# I give up on My Nintendo



## AnimalCrossingPerson (Nov 20, 2016)

So, for about half a year now, I've been collecting My Nintendo points, mostly through Miitomo.

Well, Miitomo got old fast and the only rewards are discounts on games that are either rubbish or would be half the price on Amazon.

Also, I just found out today that the points expire. To avoid losing about 1000 points a month, I guess I'll just convert them to Miitomo items, even though I don't use it. Great.


----------



## JCnator (Nov 20, 2016)

I stopped playing Miitomo.
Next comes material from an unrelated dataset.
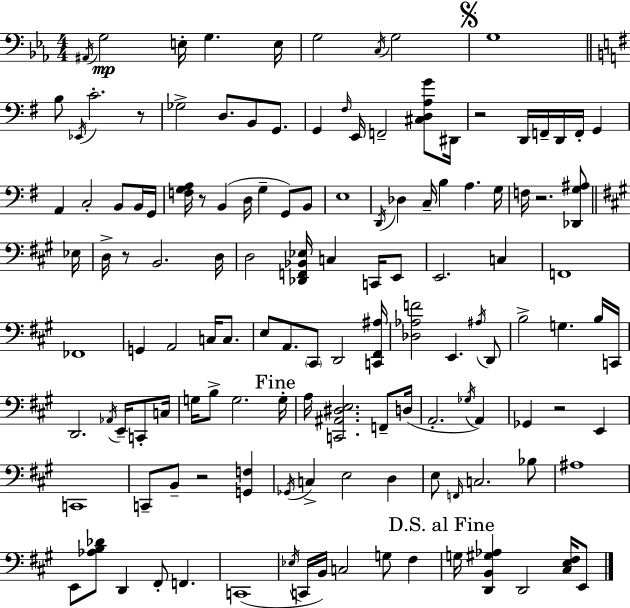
A#2/s G3/h E3/s G3/q. E3/s G3/h C3/s G3/h G3/w B3/e Eb2/s C4/h. R/e Gb3/h D3/e. B2/e G2/e. G2/q F#3/s E2/s F2/h [C#3,D3,A3,G4]/e D#2/s R/h D2/s F2/s D2/s F2/s G2/q A2/q C3/h B2/e B2/s G2/s [F3,G3,A3]/s R/e B2/q D3/s G3/q G2/e B2/e E3/w D2/s Db3/q C3/s B3/q A3/q. G3/s F3/s R/h. [Db2,G3,A#3]/e Eb3/s D3/s R/e B2/h. D3/s D3/h [Db2,F2,Bb2,Eb3]/s C3/q C2/s E2/e E2/h. C3/q F2/w FES2/w G2/q A2/h C3/s C3/e. E3/e A2/e. C#2/e D2/h [C2,F#2,A#3]/s [Db3,Ab3,F4]/h E2/q. A#3/s D2/e B3/h G3/q. B3/s C2/s D2/h. Ab2/s E2/s C2/e C3/s G3/s B3/e G3/h. G3/s A3/s [C2,A#2,D#3,E3]/h. F2/e D3/s A2/h. Gb3/s A2/q Gb2/q R/h E2/q C2/w C2/e B2/e R/h [G2,F3]/q Gb2/s C3/q E3/h D3/q E3/e F2/s C3/h. Bb3/e A#3/w E2/e [Ab3,B3,Db4]/e D2/q F#2/e F2/q. C2/w Eb3/s C2/s B2/s C3/h G3/e F#3/q G3/s [D2,B2,G#3,Ab3]/q D2/h [C#3,E3,F#3]/s E2/e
I lost motivation on grinding those Platinum Points because of the lack of interesting rewards asking you to earn these points aside of Miitomo items and discounts.

That being said, you could simply just try earning 120 Platinum Points by doing those weekly, which takes much less effort than doing the My Nintendo missions on Miitomo.
On every Monday, you log on eShop once, go on Miiverse once, go on Nintendo.com with your Nintendo Account logged in and click on the stray platinum coin in My Nintendo homepage.

120 Platinum Points doesn't seem to be much, but you can stack up to 480 in one month, and 2880 in 6 months. That would be enough, assuming that these types of reward are the only ones that will be offered.


----------



## Jade_Amell (Nov 20, 2016)

I miss the old version. Where you can trade in those points for actual items. I remembered getting some pretty cool stuff that way. Now, I just check it periodically for themes. Although, I am sorta trying to rack up points to get the Xenoblade 3D discount.


----------



## Trent the Paladin (Nov 21, 2016)

Until the Switch, I expect very little to come from MyNintendo besides silly Miitomo rewards and the occasional themes. I mean as much as I complained about all the awful Club Nintendo prizes (folders and shoe strings???), at least those were physical and you weren't likely to have those already. Discount coupons for titles most fans will probably own is pretty lame. Even lamer that the GOLD coins are for similar discounts. Why is the currency we're spending actual money to earn worth nothing?


----------



## Yoshisaur (Nov 21, 2016)

I'm hoping when the Switch comes out there will be more useful stuff. It does suck that they expire


----------



## HatakeSage (Nov 21, 2016)

I didn't like the Miitomo app after a while.
Randomly answering questions that almost nobody seemed to even comment or like on seemed quite boring to me.
Decorating my character was fun, but if I was gonna do that, I may as well just go make a mii on my 3ds


----------



## ZekkoXCX (Nov 21, 2016)

Honestly Miitomo was already dead around May / June and then when Pokemon GO came (this one is dead since August) Miitomo got basically killed.

Its fun how Ninty released Miitomo on Mexico when Miitomo died already , gotta ****ing love Nintendo


----------



## AnimalCrossingPerson (Nov 23, 2016)

HatakeSage said:


> I didn't like the Miitomo app after a while.
> Randomly answering questions that almost nobody seemed to even comment or like on seemed quite boring to me.
> Decorating my character was fun, but if I was gonna do that, I may as well just go make a mii on my 3ds


It's not as bad if you have some friends on there as it can act as a conversation starter. I only had one who stayed on for any length of time but it was nice to read his comments on my answers. He stopped using it after a month of no internet connection so now it's just me, lol.


----------



## Mars Adept (Nov 26, 2016)

I played Miitomo by myself without any friends, and it got boring very quickly. I gave up on My Nintendo about a month after launch. I miss Club Nintendo, it was pretty decent for what it was.


----------